February 6, 2025

The UK’s High Court ruled that online gambling provider Sky Betting & Gaming (“SBG”) – part of the Flutter Entertainment group which includes FanDuel– acted unlawfully and breached a customer’s data protection rights when it obtained his personal data through cookies and used it to profile him and deliver personalised direct marketing.

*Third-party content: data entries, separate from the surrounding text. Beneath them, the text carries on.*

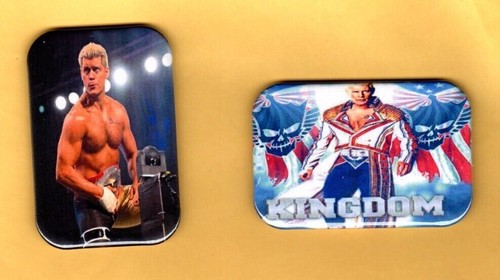 CODY RHODES WWE DWA MAGNESY LUB GUZIKI, PINBACK 2"X3" Z ZAOKRĄGLONYM ROGIEM - Zdjęcie 1 z 5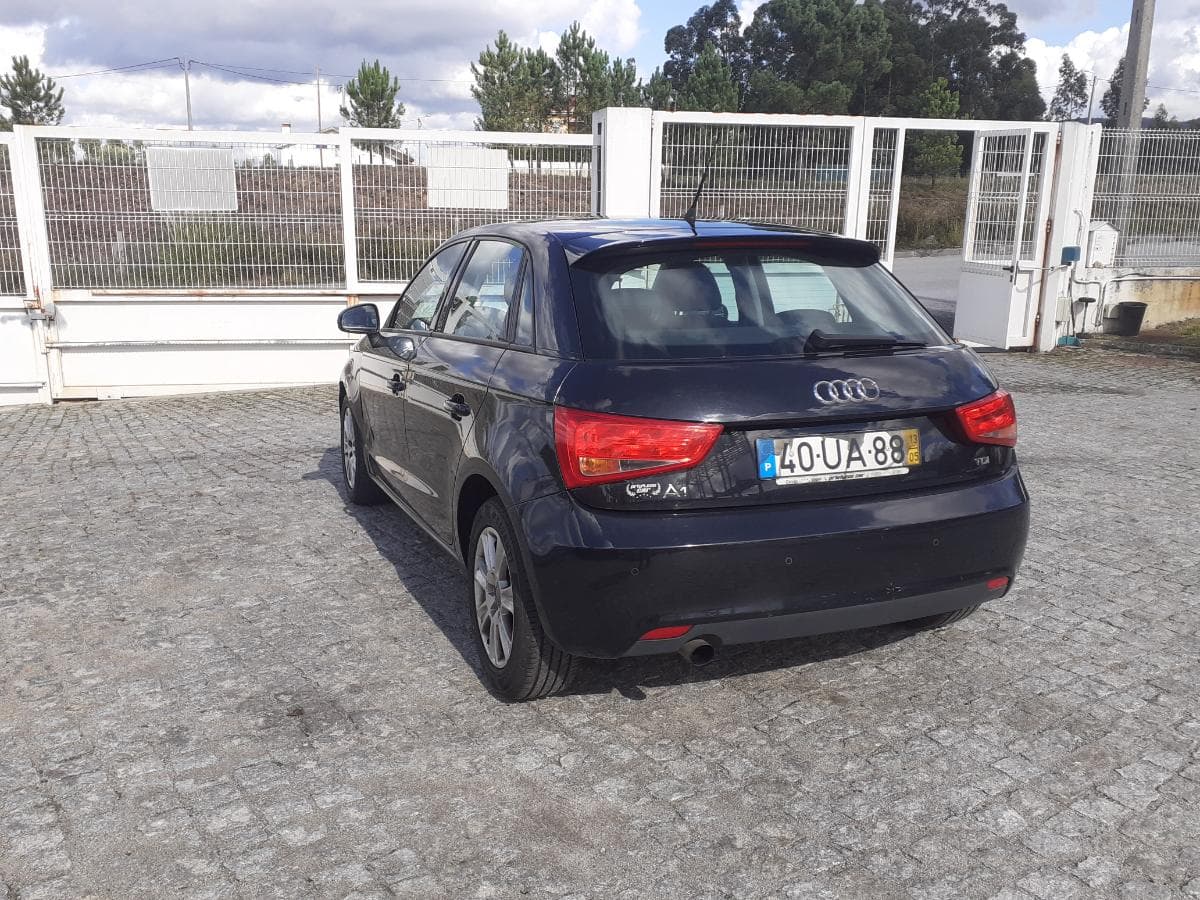 Audi A1 1.6 TDI · Ano 2013 — imagem 4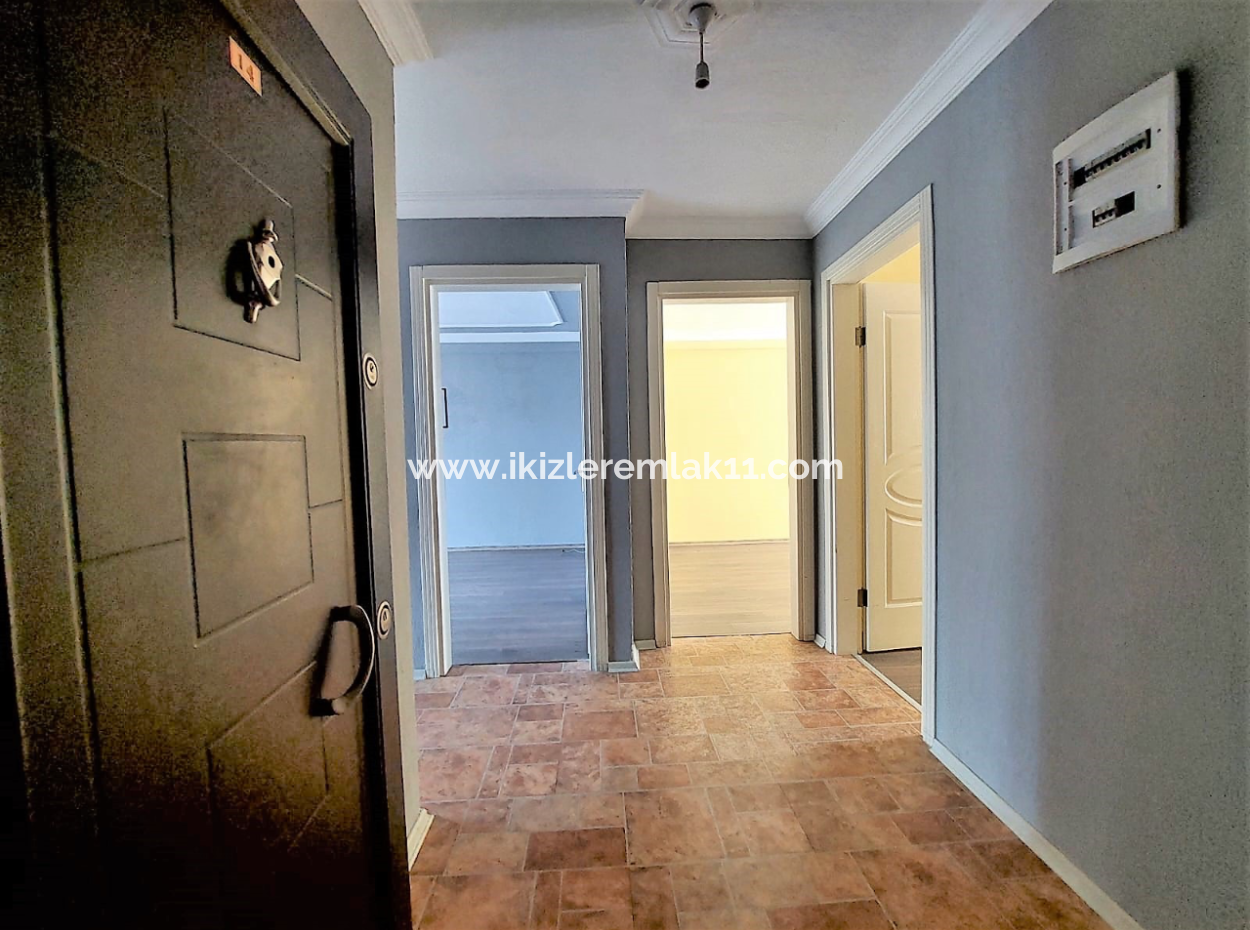 Seferihisar Ürkmez Merkezde Satılık 3 + 1 Ara Kat 110 Metre² Daire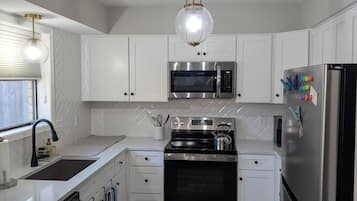 Mikroaaltouuni, uuni, liesi, astianpesukone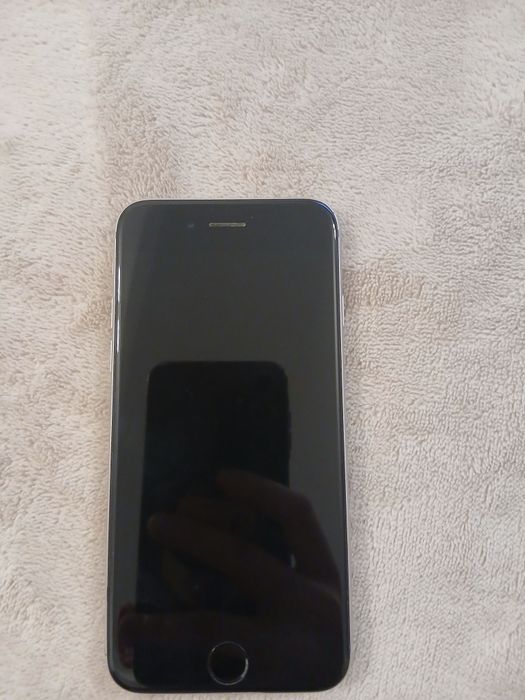 Vând iphone 6s baterie defectă!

This landmark ruling made front page of The Observer, along with further reporting on the claimant. The case was brought by AWO, and further details on the case can be found here.

 

Background

SBG, one of the UK’s largest online gambling operators with brands like Sky Bet, Sky Casino or Sky Vegas, collects vast amounts of personal data about its users’ gambling and other online behaviour to profile them and target them with marketing. The Defendants (Bonne Terre Limited and Hestview Limited, the corporate entities through which SBG operates its brands) took gambling behaviours and turned them into code. The scale of that processing and profiling has attracted considerable U.S. press attention.

 

The judgment

The Court found that for the entire period of the claim, SBG had no lawful basis to collect the claimant’s data through cookies, to profile him for marketing purposes or to serve him with direct marketing.

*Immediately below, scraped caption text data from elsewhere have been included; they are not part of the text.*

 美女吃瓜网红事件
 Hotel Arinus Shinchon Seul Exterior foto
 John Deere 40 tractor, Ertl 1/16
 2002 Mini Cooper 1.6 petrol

The High Court judgment recognises that online gambling is a particularly risky environment in which users’ discernment and autonomy can be impaired, such that controllers have heightened obligations to ensure that valid consent has been provided. This is a powerful reminder to all data controllers that the key attributes of consent under the UK GDPR – “freely given”, “specific”, “informed” and “unambiguous” – set a high standard, and that the context in which consent to data processing is sought is important.

 

Implications

The groundbreaking ruling is a legal first and could have major implications for the multi-billion-pound online gambling sector in the UK. It raises the prospect that not only SBG, but other gambling companies have been illegally profiling thousands – if not tens of thousands – of their vulnerable customers for years. The case also has consequences for all controllers that rely on consent and for the online advertising industry.

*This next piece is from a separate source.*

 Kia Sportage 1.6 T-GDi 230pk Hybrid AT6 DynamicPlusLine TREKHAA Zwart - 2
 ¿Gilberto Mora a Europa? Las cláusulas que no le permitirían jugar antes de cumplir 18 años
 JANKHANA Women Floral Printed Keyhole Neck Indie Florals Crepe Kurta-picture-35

The proceedings also confirmed and further revealed the extent of sharing of personal data by online gambling operators with third parties through the AdTech ecosystem. A report by Cracked Labs documenting the sharing of personal data by SBG with dozens of companies in the AdTech industry was provided in evidence and confirmed as accurate by SBG’s witnesses.

The judgment also reinforces the reprimand given by the Information Commissioner’s Office to SBG’s parent company in September 2024 as a result of submissions made by AWO on behalf of Clean Up Gambling. The ICO’s investigation had found that a pixel embedded within the Sky Bet website had facilitated the setting of approximately 40 third-party marketing cookies without users’ valid consent.

Overall, the findings on lawful bases for profiling and online advertising, in particular on consent, should be a warning to the wider online advertising industry. The assessment is stringent, especially in higher risk environments (such as gambling), and controllers must be able to conclusively demonstrate the legality of their processing.